▸ **Provided records**
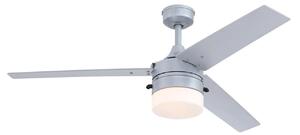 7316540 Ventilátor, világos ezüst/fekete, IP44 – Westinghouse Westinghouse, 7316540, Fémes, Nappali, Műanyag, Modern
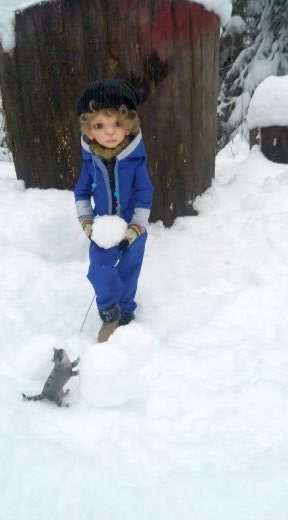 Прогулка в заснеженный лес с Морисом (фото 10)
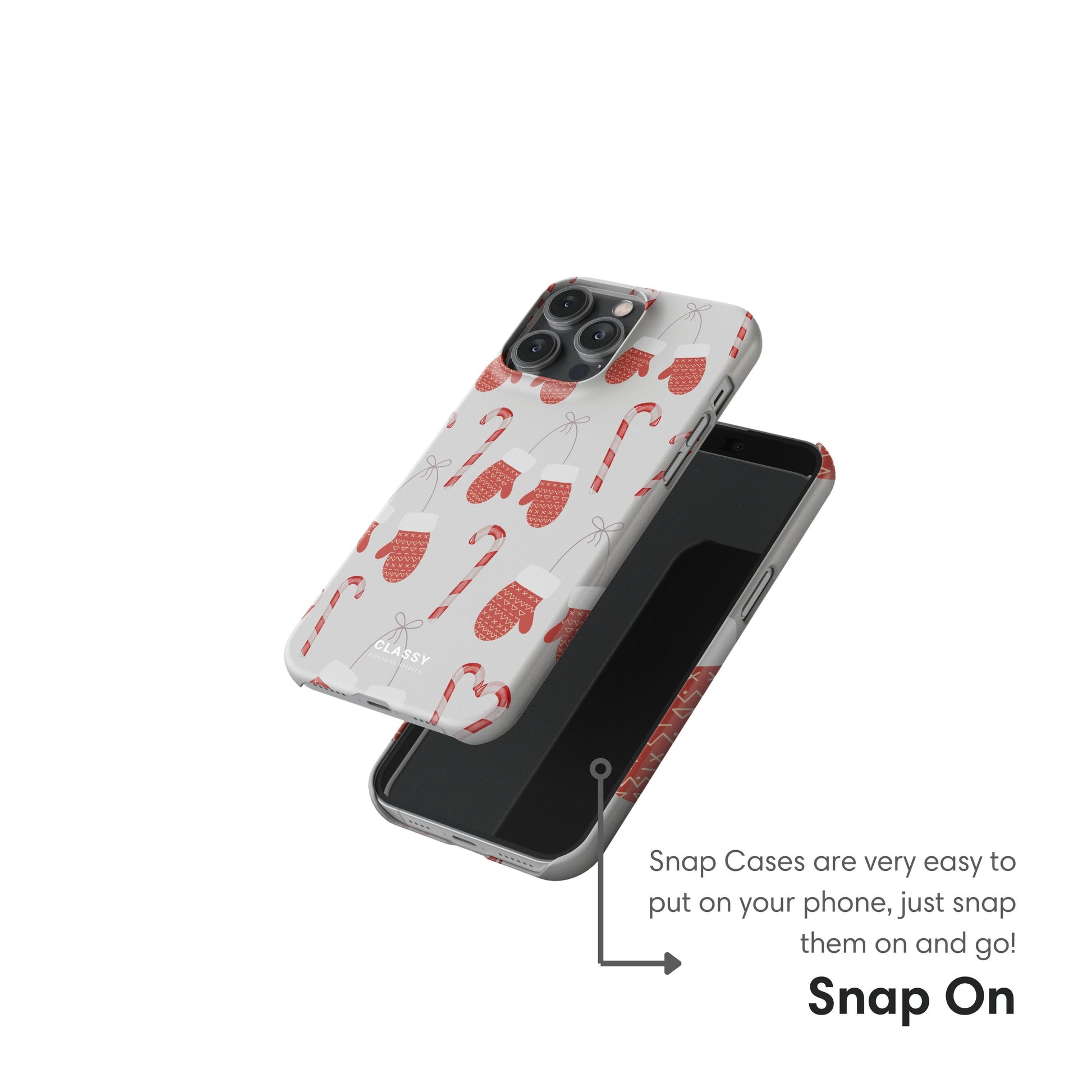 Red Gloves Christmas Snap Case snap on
--
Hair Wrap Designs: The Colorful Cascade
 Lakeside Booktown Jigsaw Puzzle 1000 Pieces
==
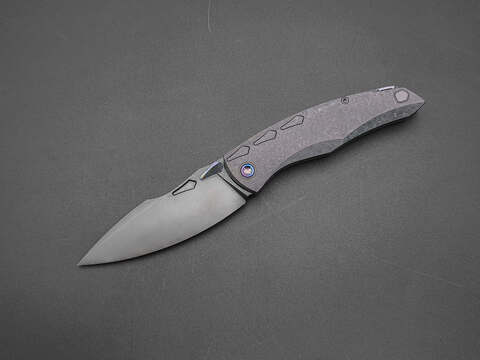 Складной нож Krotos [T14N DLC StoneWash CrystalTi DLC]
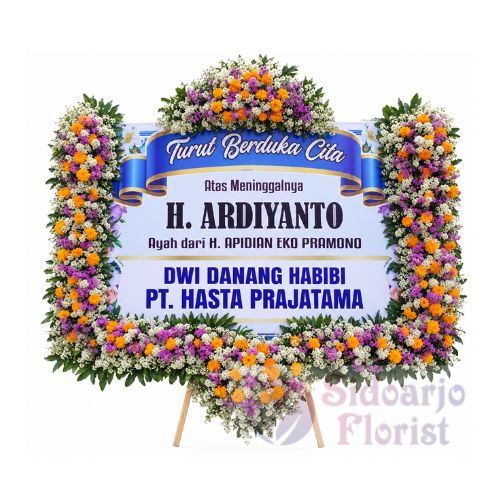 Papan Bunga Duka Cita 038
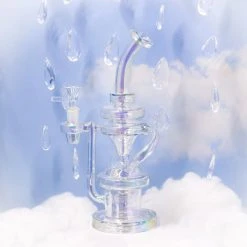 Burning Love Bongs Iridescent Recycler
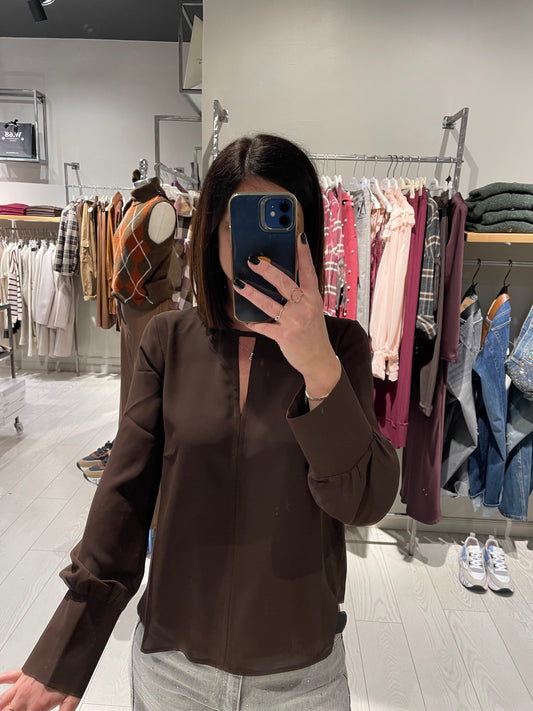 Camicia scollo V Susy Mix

▸ **Exercise prompt**
Quote the lines above exactly, starting with the one that has "7316540 Ventilátor, világos" and ending with the one that has "Red Gloves Christmas Snap Case snap on"; drop the pictures and include nothing else.

▸ **Result of the task**
 7316540 Ventilátor, világos ezüst/fekete, IP44 – Westinghouse Westinghouse, 7316540, Fémes, Nappali, Műanyag, Modern
 Прогулка в заснеженный лес с Морисом (фото 10)
 Red Gloves Christmas Snap Case snap on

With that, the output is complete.